WORK REQUEST: Would you please transcribe, exactly as written, the lines of the entries below starting at the one that holds "Otok Krk, Krk, 100m2, etaža" and ending at the one that holds "Laxmi Boys Hostel By Wb Inn", both included?

AVAILABLE DATA:
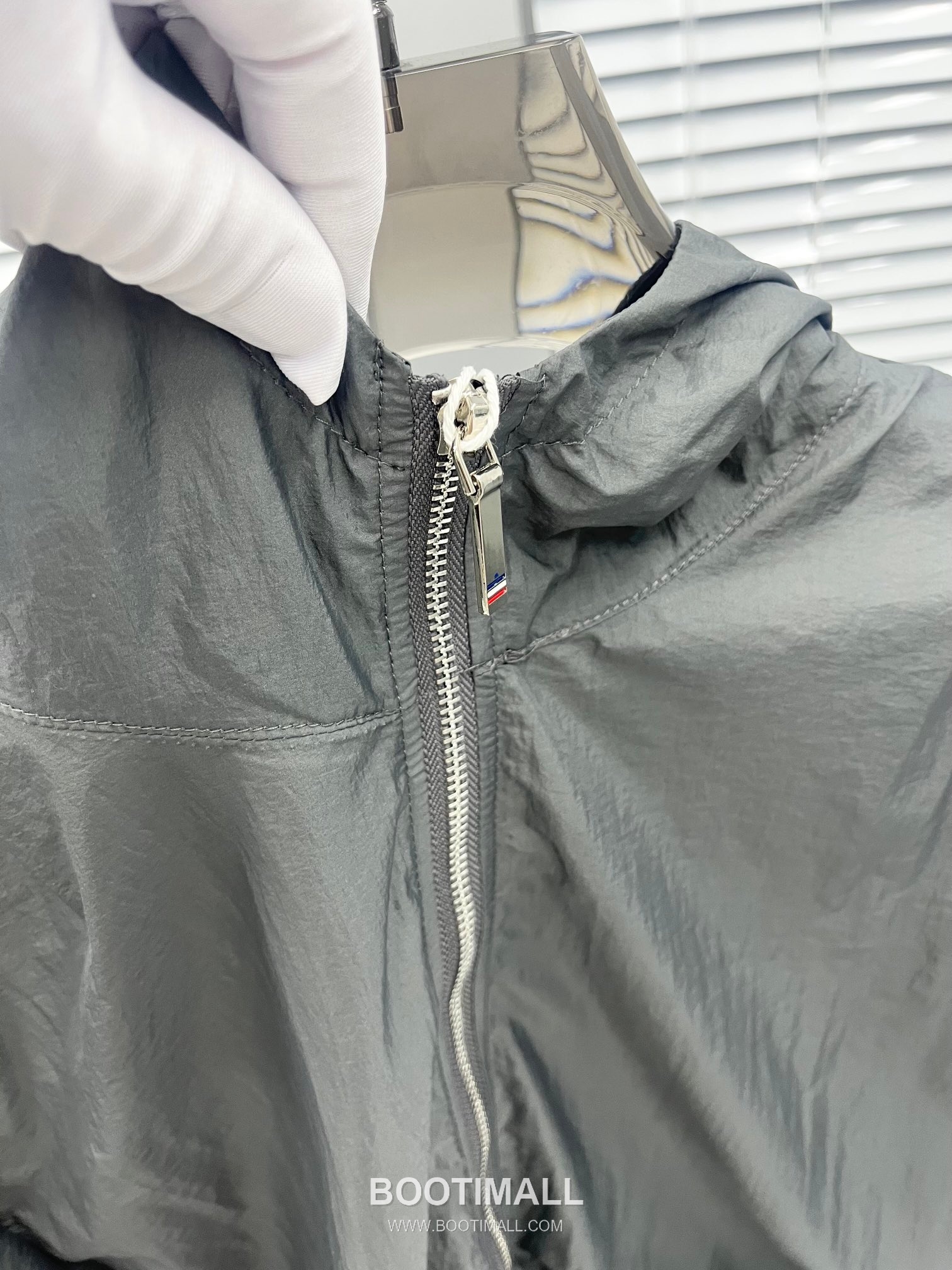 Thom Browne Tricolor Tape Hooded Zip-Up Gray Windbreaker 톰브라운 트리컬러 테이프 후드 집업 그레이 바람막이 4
==
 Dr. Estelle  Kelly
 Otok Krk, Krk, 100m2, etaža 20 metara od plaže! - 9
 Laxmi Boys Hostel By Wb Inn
* * *
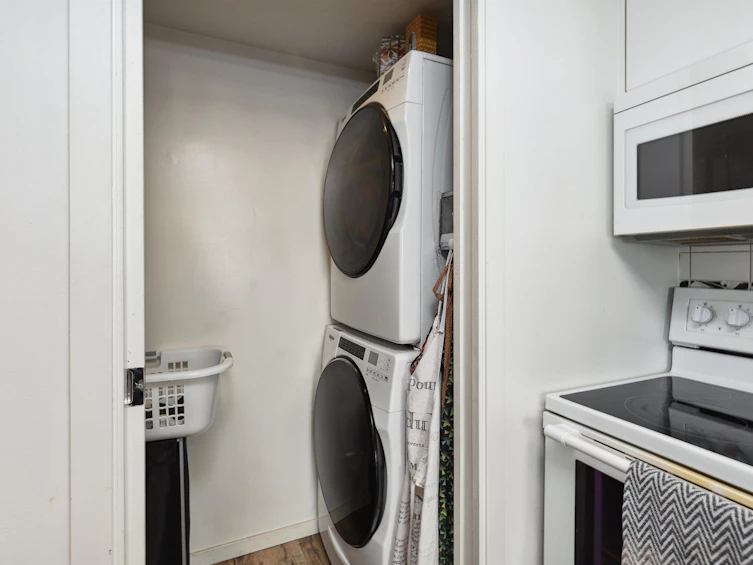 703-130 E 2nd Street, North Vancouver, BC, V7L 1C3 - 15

WRITTEN ANSWER:
 Otok Krk, Krk, 100m2, etaža 20 metara od plaže! - 9
 Laxmi Boys Hostel By Wb Inn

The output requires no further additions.